My render settings are: Format: MAGIX HEVC/AAC MP4 Templates: Internet HD 1080p 59.94 fps (NVENC)
In Project Properties/Video (tab), what setting is "Full resolution rendering quality? Your Preview window is set at Good (auto) so the rendering quality setting should be set at Good or even Best.
Though it would be expected that the render (depending on the render settings used for the chosen render format) should show what you see in the preview, the feathering setting in Mocha Pro's Video Event FX window does seem rather high at 21.77 especially for HD though of course this depends on the size of the area tracked in Mocha Pro. Even with 4K media, I would rarely go above a feather of 10 but usually less.
Another possibility - make sure that no pan/crop has been applied to the video event prior to using Mocha Pro. If pan/crop is needed, I use Mocha Pro in the default video event, render it and then apply pan/crop on the timeline to the rendered video event.
In Project Properties/Video (tab), what setting is "Full resolution rendering quality? Your Preview window is set at Good (auto) so the rendering quality setting should be set at Good or even Best.
Though it would be expected that the render (depending on the render settings used for the chosen render format) should show what you see in the preview, the feathering setting in Mocha Pro's Video Event FX window does seem rather high at 21.77 especially for HD though of course this depends on the size of the area tracked in Mocha Pro. Even with 4K media, I would rarely go above a feather of 10 but usually less.
Another possibility - make sure that no pan/crop has been applied to the video event prior to using Mocha Pro. If pan/crop is needed, I use Mocha Pro in the default video event, render it and then apply pan/crop on the timeline to the rendered video event.

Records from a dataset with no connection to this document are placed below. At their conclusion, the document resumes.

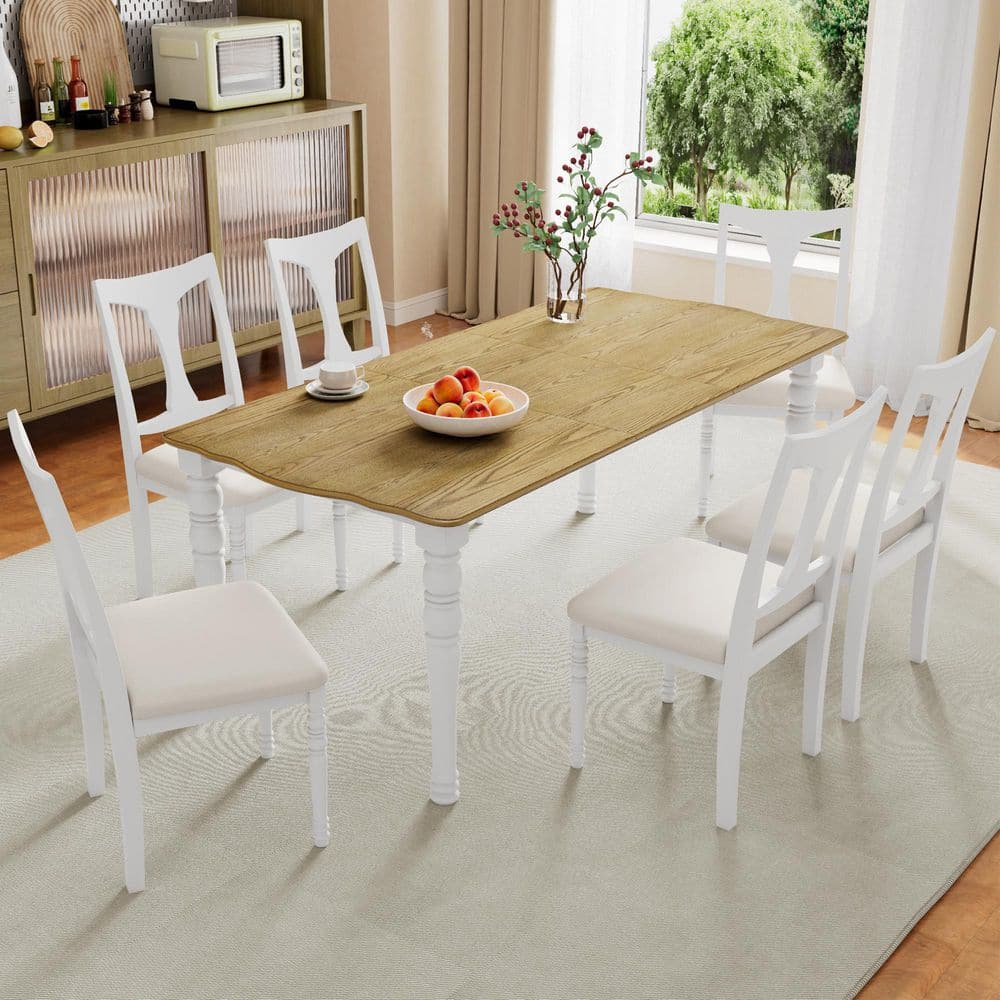 7 Piece Extendable Natural White Wood Top Dining Table Set Seats 6 with Removable Leaf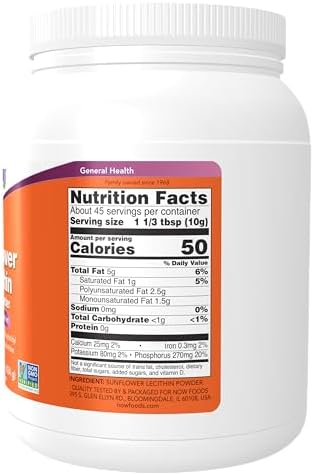 NOW Foods Supplements, Sunflower Lecithin with naturally occurring Phosphatidyl Choline and Other Phosphatides, Powder, 1-Pound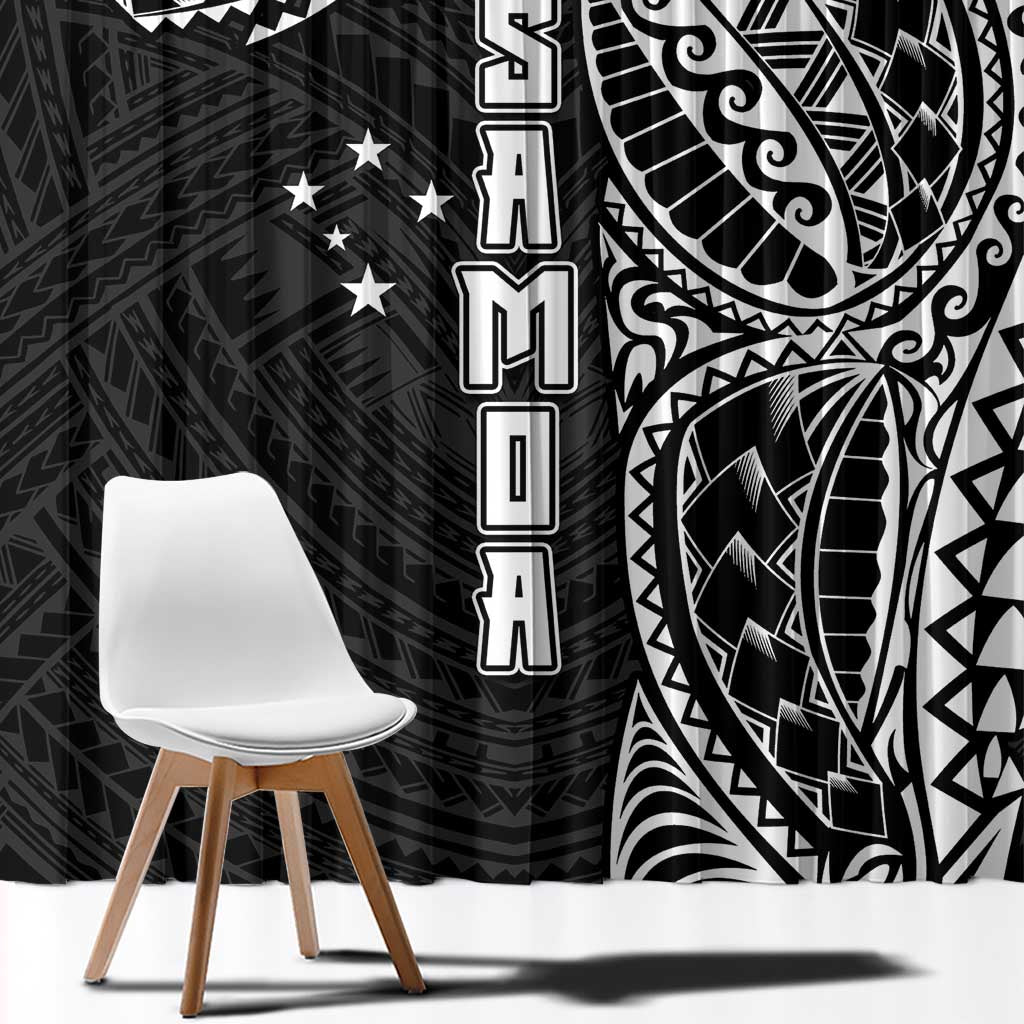 Samoa 685 Art Traditional Tattoo Pattern Window Curtain Black Color LT03 - Polynesian Pride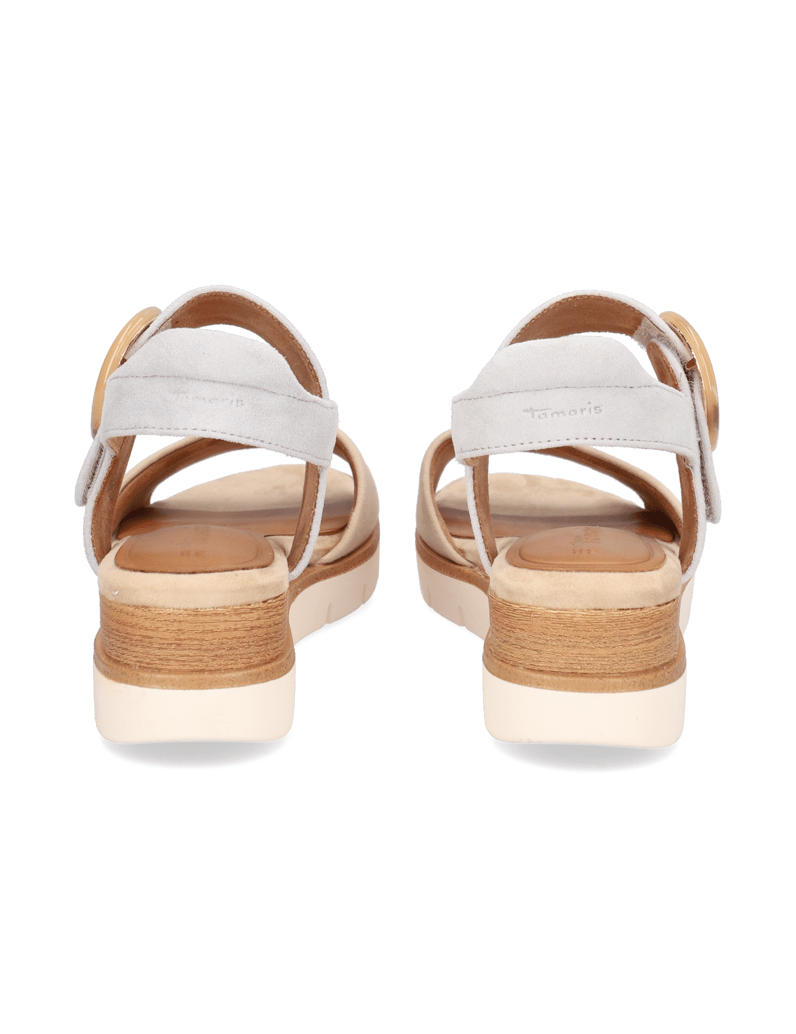 TAMARIS-Veloursleder-Sandale-beige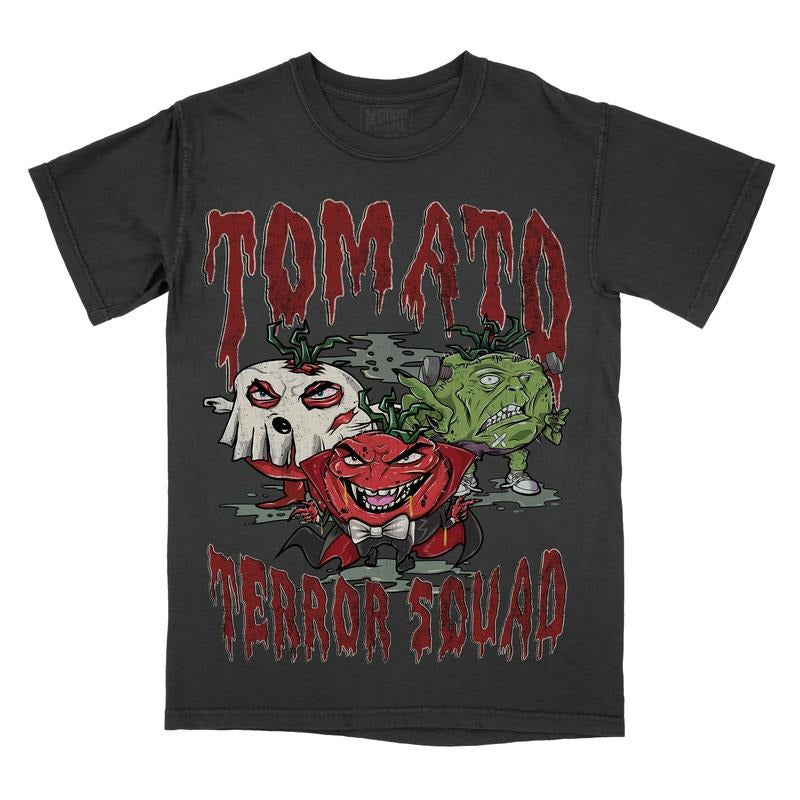 Tomato Terror Squad Comfort Colors Graphic Tee, Tomato Halloween Shirt, Funny Scary T-Shirt, Gardening Tshirt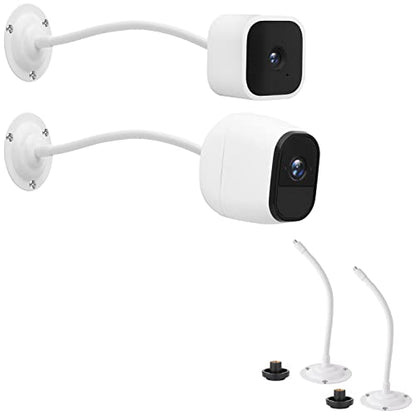 Mippko 2 Pack Camera Flexible Wall Mount Holder Compatible with Arlo/Blink/Reolink/Nest/Wyze/SimpliSafe Camera,Adjustment 8 inch Long Gooseneck Arm with Metal Base,1/4"-20 Threaded Screw,White - color: White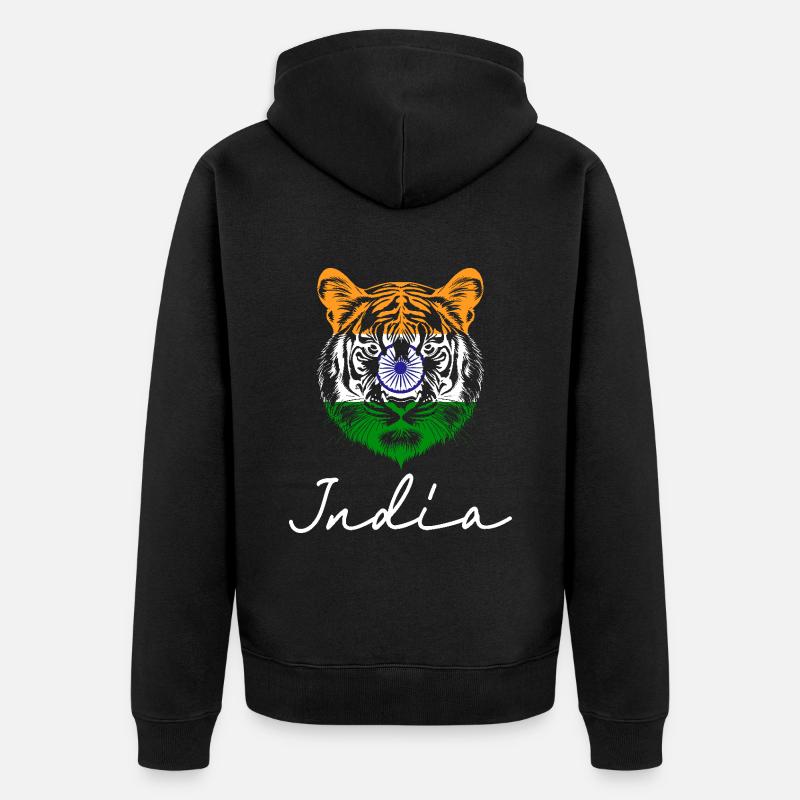 Souvenir Tigre Drapeau Indien - Veste à capuche bio Premium Unisexe - noir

I played with it a bit and tried your suggestions. At first it didn't seem to work. But then I rendered the MINIMUM possible prerender. Like a second of playback, and it rendered. Then I rendered the whole clip, and it also rendered. I don't know what happened or what I did, but for some reason it works now.
I appreciate your input, but just for reference I don't think these were the things that fixed it. I think the small "test" render did something. I don't know.